Tag Archives: Mufi Hannemann

Cayetano questions city rail contracts, plus more on mayor’s plan to raid the Clean Water & Natural Lands Fund

Good story by Sean Hao in today’s Advertiser concerning a complaint about procurement practices at the city filed on behalf of former Gov. Ben Cayetano and others.

If you’re interested in reading more, here’s the link to the pending complaint, which once again wasn’t included in the story.

Political note: Gov. Cayetano and his wife are backing Ed Case in the 1st Congressional race, and hosted an April 27 fundraiser for Case at the Mandalay Restaurant.

Here’s a little follow-up to the recent entry concerning Mayor Hannemann’s plan to divert money from the Clean Water and Natural Lands Fund into the city’s rail project.

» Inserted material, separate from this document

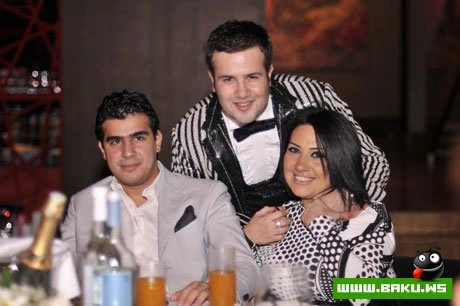 Müğənni Elnur ad gününü qeyd etdi ! (54 FOTO)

An April 16, 2010 letter from attorney Bruce L. Lamon to the director of Honolulu’s Department of Planning and Permitting alerted me to the fact that the city is pretty far down the path of raiding the Clean Water fund.

Lamon, representing Leeward Land Company, Ltd., takes issue with a city application to add a park onto the Waianae Public Infrastructure Map. Land for the proposed Waianae Regional Park would, according to the city’s application, be purchased using the $3 million from the CWNL Fund that is included in the pending city budget. Leeward is the owner of the land at issue.

Lamon’s letter addresses several policy and legal issues, including the CWNL Fund use restrictions of the City Charter and implementing ordinance:

Use of money from the Clean Water and Natural Lands Fund (“Fund”) would be bad public policy, usurp the proper role of the City Council in prioritizing expenditures from the Fund and illegal.

The letter addresses the questionable legality of using the Clean Water and Natural Lands Fund for this purpose, beginning at the top of page 4 and continuing to page 5.

The [Clean Water and Natural Lands] Commission has labored admirably to develop objective ranking criteria, to facilitate public input and access to its deliberations and to “create a public process that sets a bar of excellence for how this new fund is used for the benefit of the City and all of its citizens.” By proposing this PIM revision with the intent to finance acquisition from the Fund, the Department is not only proposing to violate the law and bypass the Council’s control over the disposition of the Fund, but to circumvent the Commission and make a mockery of its efforts and proceedings, and of all those who in good faith have submitted funding applications and helped evaluate them.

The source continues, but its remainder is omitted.